Selama ini di pasar ekspor, Indonesia bersaing dengan Filipina. "Namun untuk jenis eucheuma cottonii kualitas produk kita tetaplah nomor satu di dunia," kata Ketua Panitia Nasional ISS itu.
"Secara keseluruhan di Indonesia ada 16 industri pengolahan rumput laut. Paling banyak berada di kawasan Indonesia timur," katanya.
Dengan makin bertambahnya industri pengolahan rumput laut, ARLI meminta pemerintah memberikan insentif dan fasilitas lainnya untuk meningkatkan penerimaan devisa dan menggairahkan petani rumput laut yang selama ini tersebar di daerah-daerah terpencil.

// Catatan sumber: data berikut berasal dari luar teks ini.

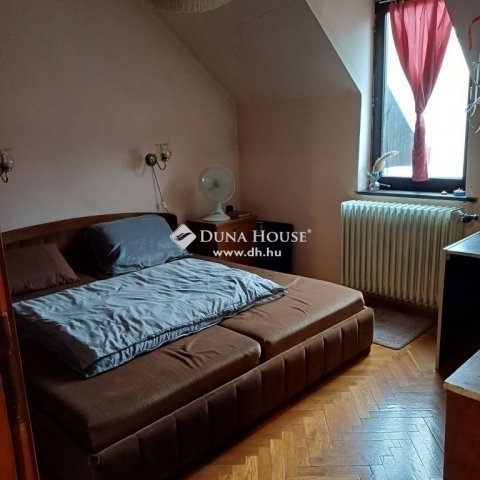 Eladó ikerház, Pécsett 66 M Ft, 4 szobás / költözzbe.hu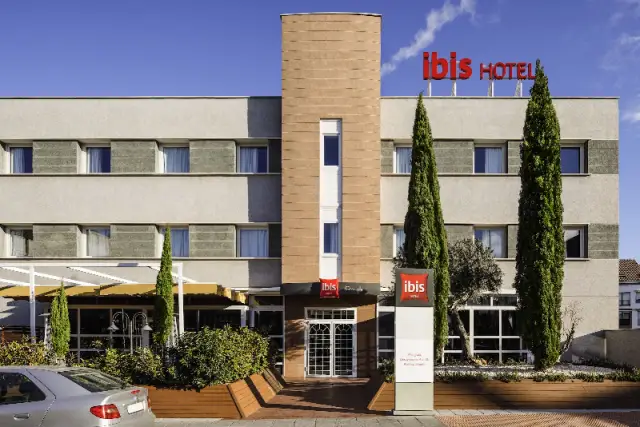 ibis Granada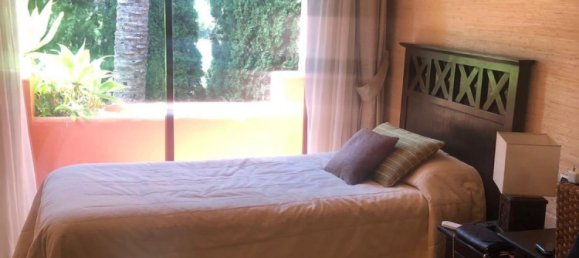 5 bedrooms House in Marbella Golden Mile, Spain No. 3337 9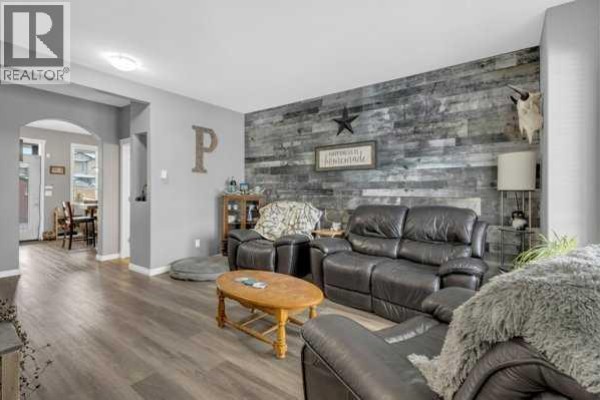 Living room - 124 Kendrew Drive, Red Deer, AB T4P3T8 Photo 4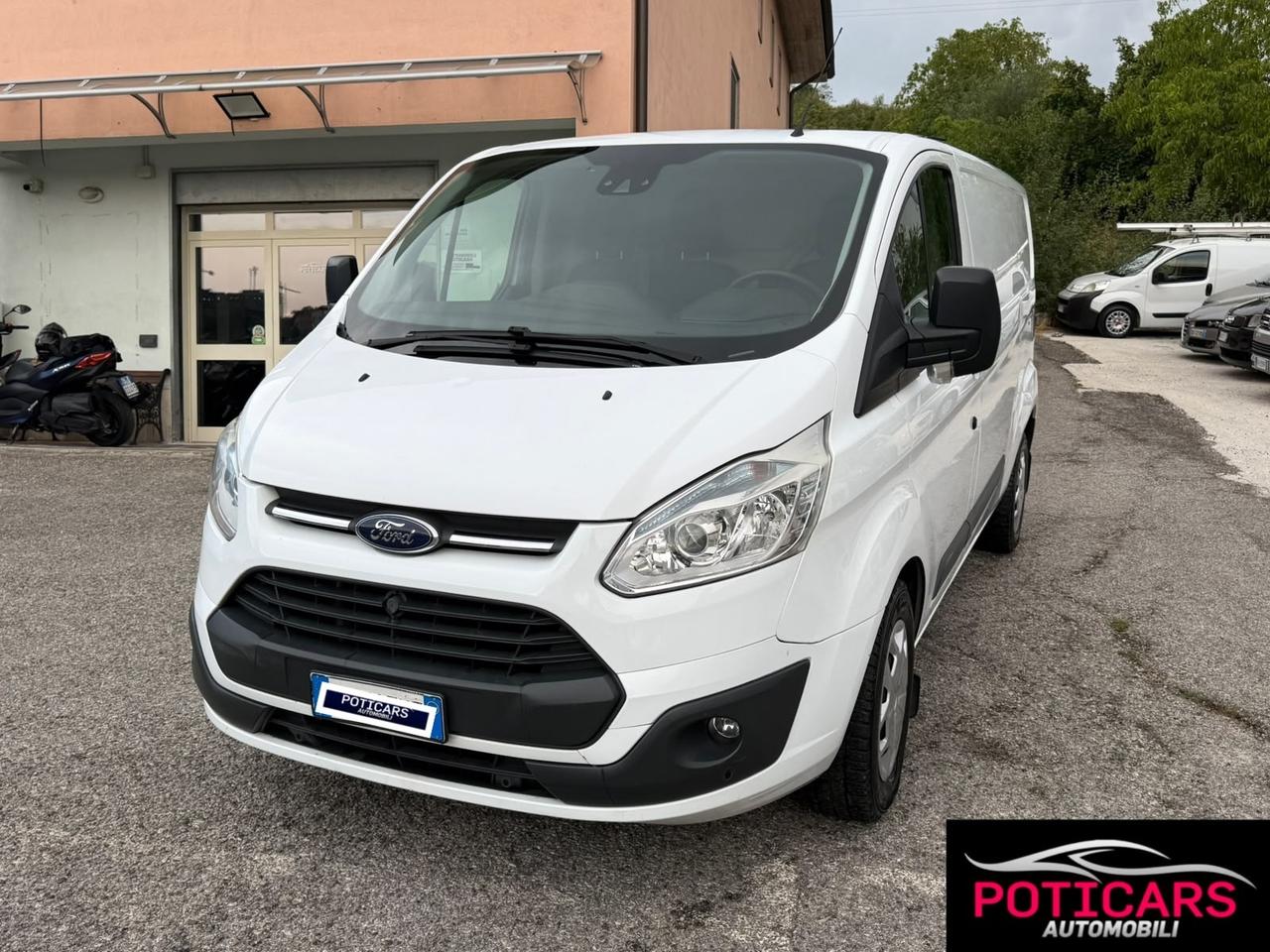 Ford Transit Custom 330 2.2 TDCi 155CV PC Furgone Entry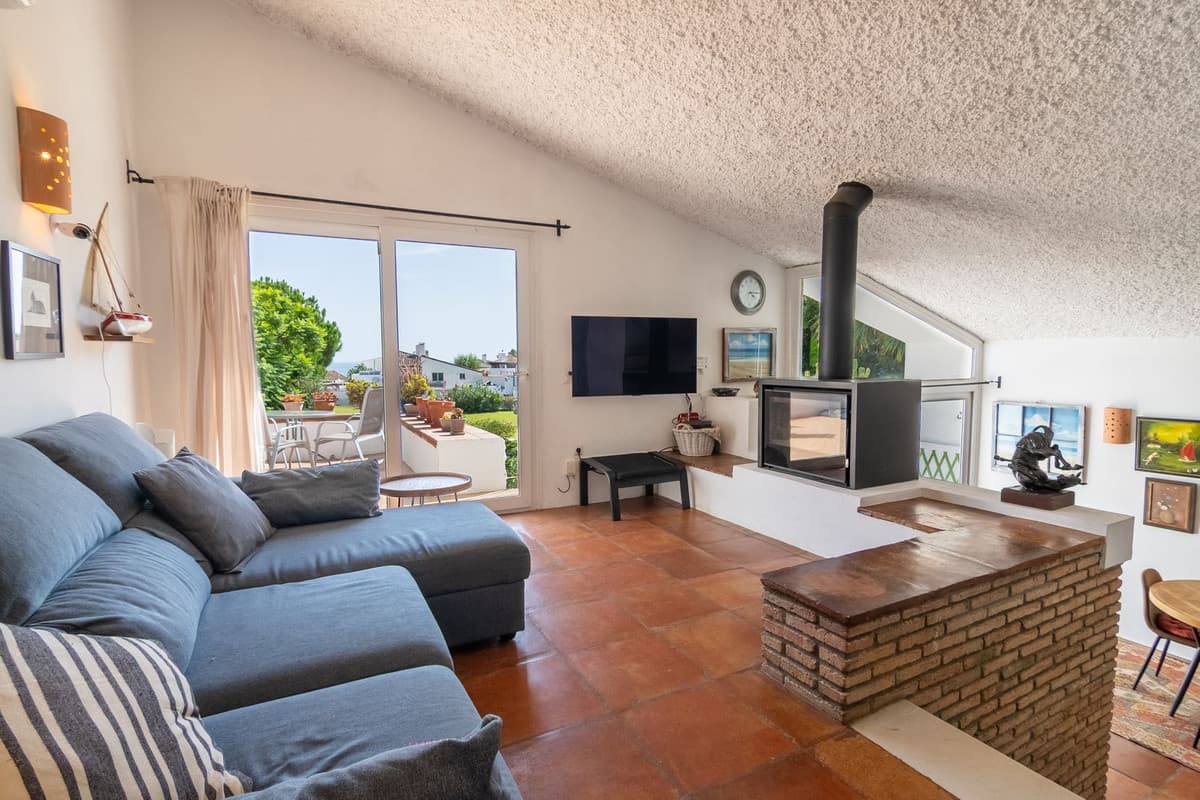 Semi-Detached House in Estepona — photo 4 of 10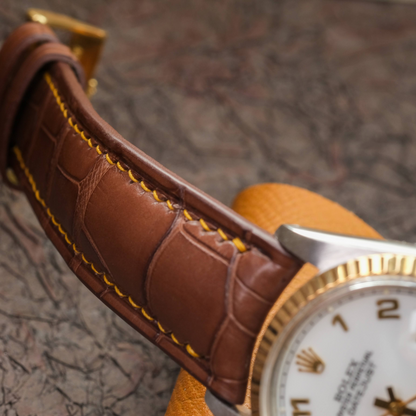 chestnut-brown-alligator-leather-watch-strap-for-Rolex-Datejust-36mm-yellow-gold-stitching-lug.png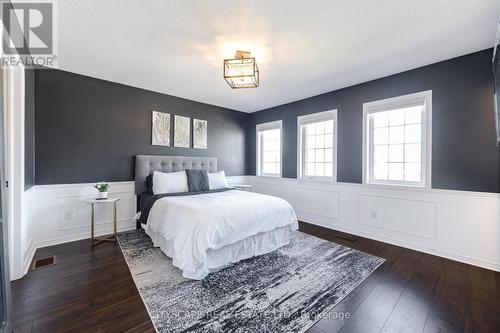 7724 Sycamore Drive, Niagara Falls, ON - Indoor Photo Showing Bedroom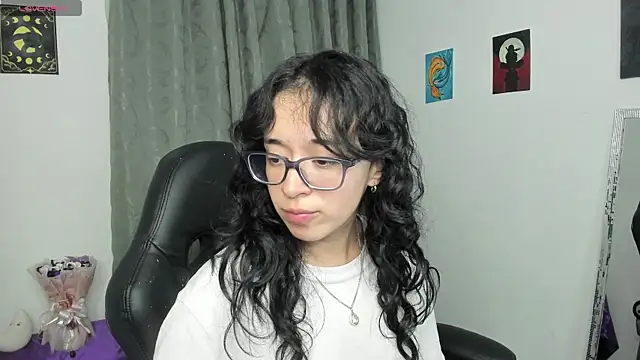 Snapshot of indra_cam chatting on 06-05-26, 06:52 indra cam online show from 06-05-26, 06:52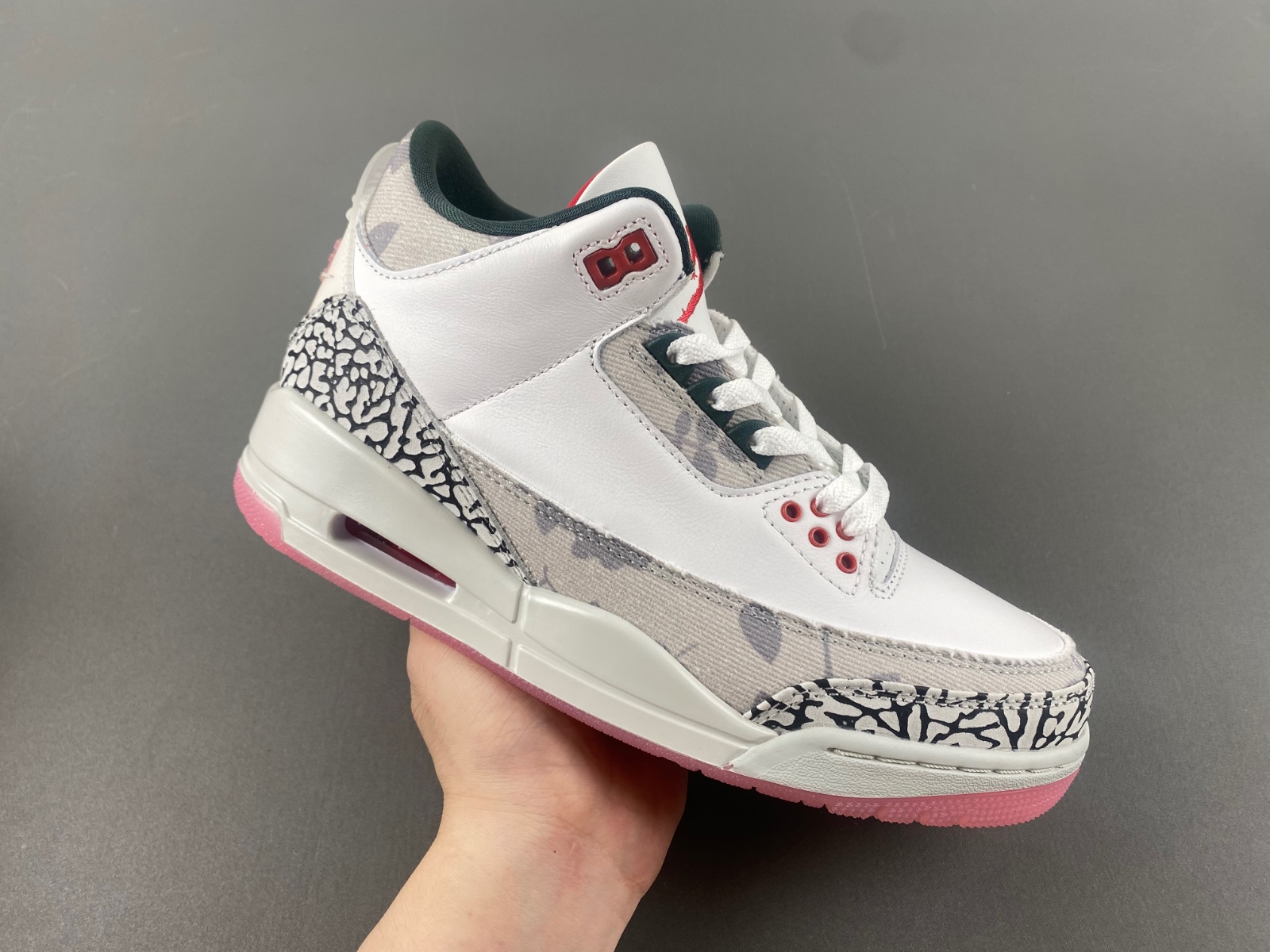 Air Jordan 3 Retro Wings HM6993-100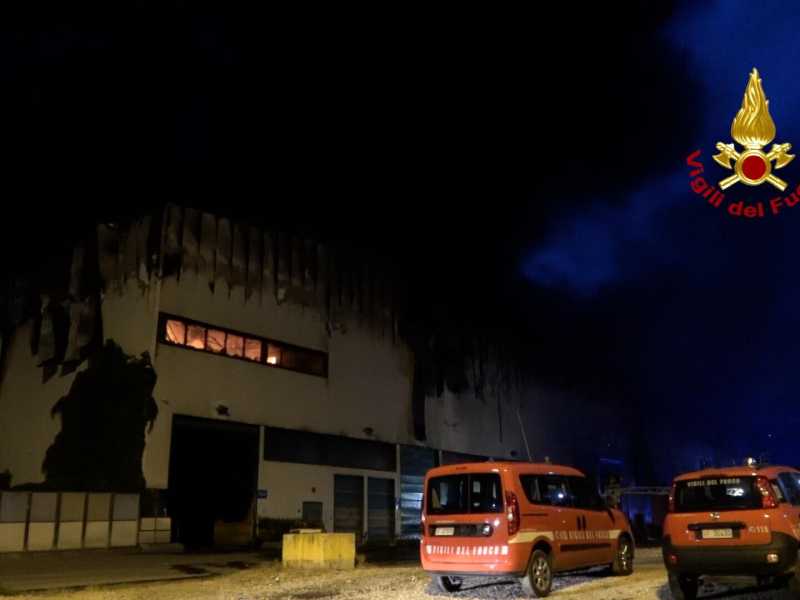 Incendio a Malagrotta: una parte di Roma diventa zona rossa. Ecco l'ordinanza del sindaco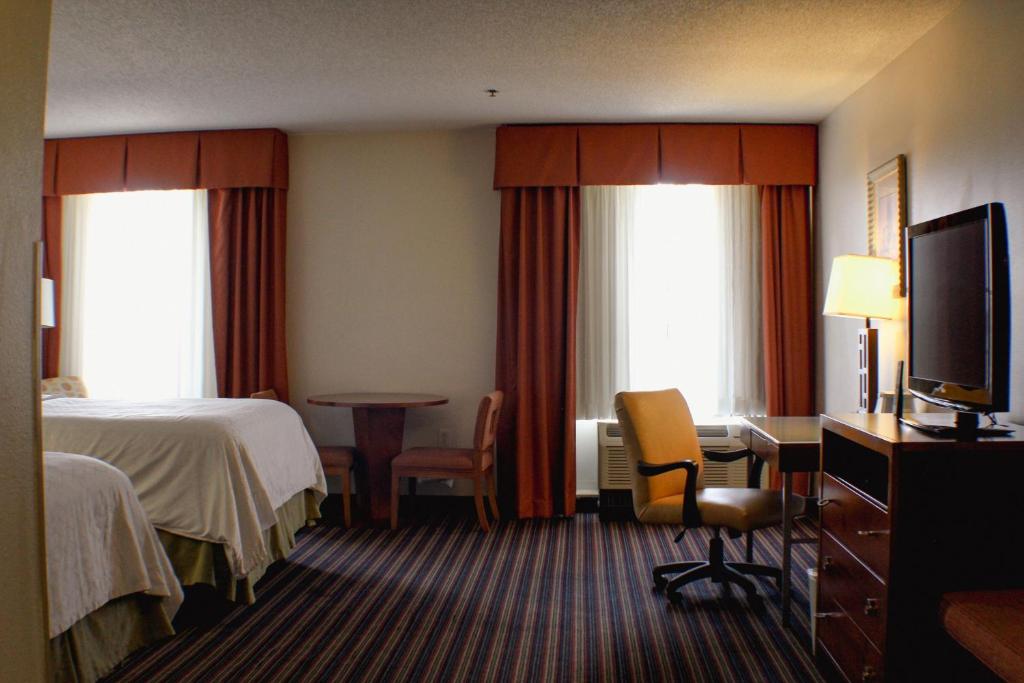 Large Queen Room with Two Queen Beds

"Kalau bisa hapus saja pajak-pajak yang secara tidak langsung dapat menghambat perkembangan industri rumput laut," katanya mengusulkan.
Indonesia menjadi tuan rumah "21st ISS" yang dihadiri 700 peserta dari 50 negara pada 21-26 April 2013 di Nusa Dua, Kabupaten Badung.
ISS merupakan ajang tiga tahunan sejak pertama kali digelar di Edinburgh, Skotlandia, pada 1952. Sebelum di Bali, ISS terakhir kali digelar di Ensenada, Meksiko, pada 2010.